Exercise: Please retype the entries that follow exactly as they are, leaving the images behind.

_ _ _

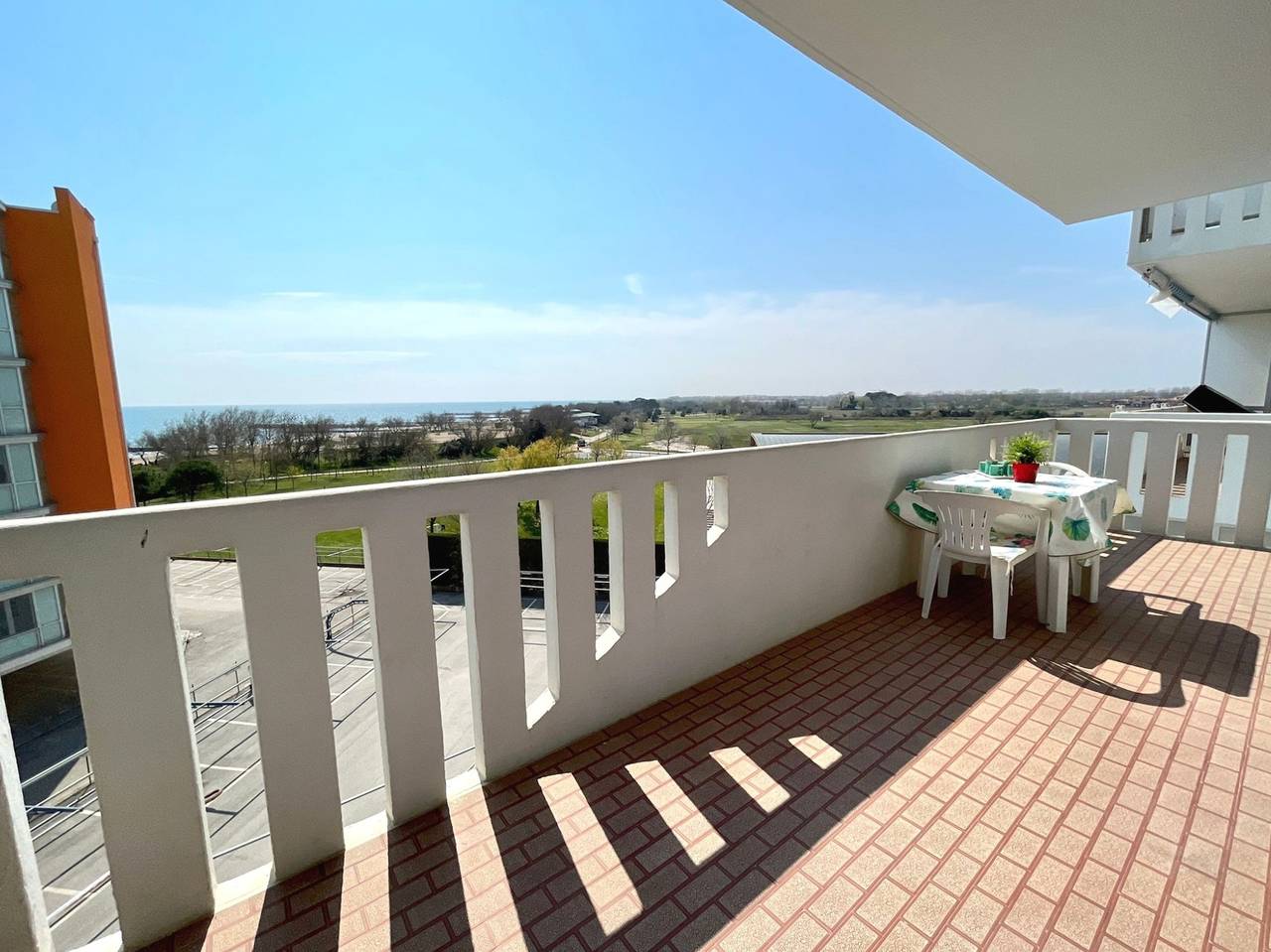 Ganze Wohnung, Einladende Wohnung mit großem Balkon in Porto Santa Margherita, Caorle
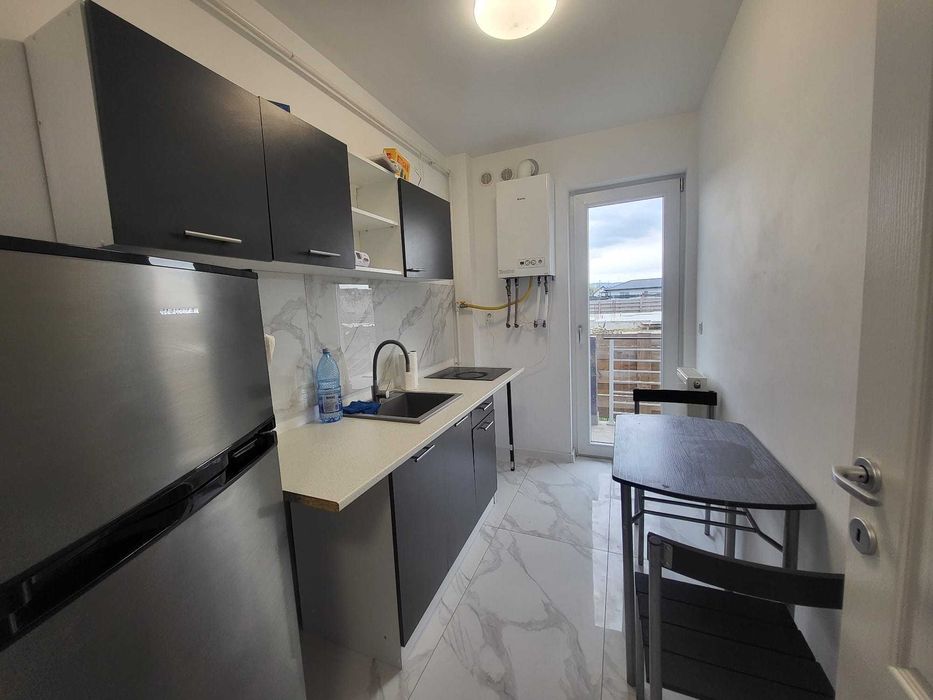 apartament cu o camera cu loc de parcare Mutare Imediata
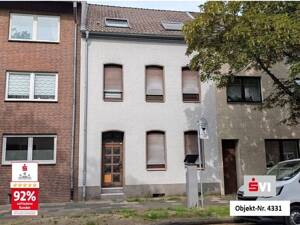 Reihenhaus im Bismarckviertel - großzügig und vielseitig nutzbar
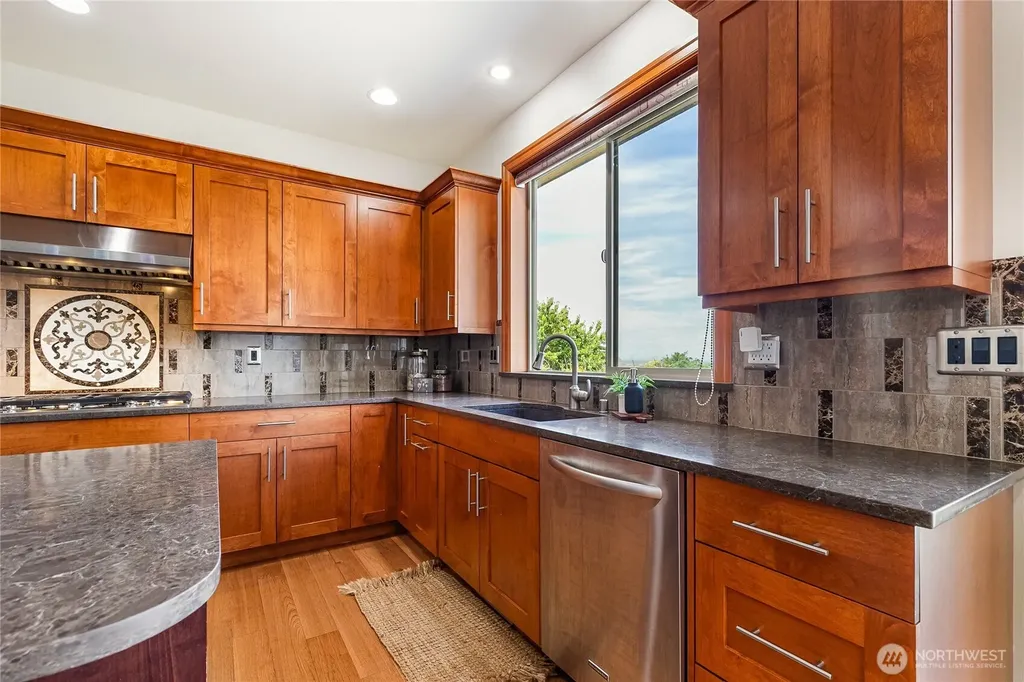 5550 Whitehorn Way Blaine WA 98230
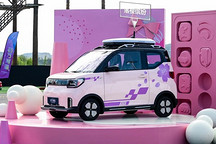 五菱攜宏光MINIEV獲國貨雙冠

_ _ _

Exercise solution:
 Ganze Wohnung, Einladende Wohnung mit großem Balkon in Porto Santa Margherita, Caorle
 apartament cu o camera cu loc de parcare Mutare Imediata
 Reihenhaus im Bismarckviertel - großzügig und vielseitig nutzbar
 5550 Whitehorn Way Blaine WA 98230
 五菱攜宏光MINIEV獲國貨雙冠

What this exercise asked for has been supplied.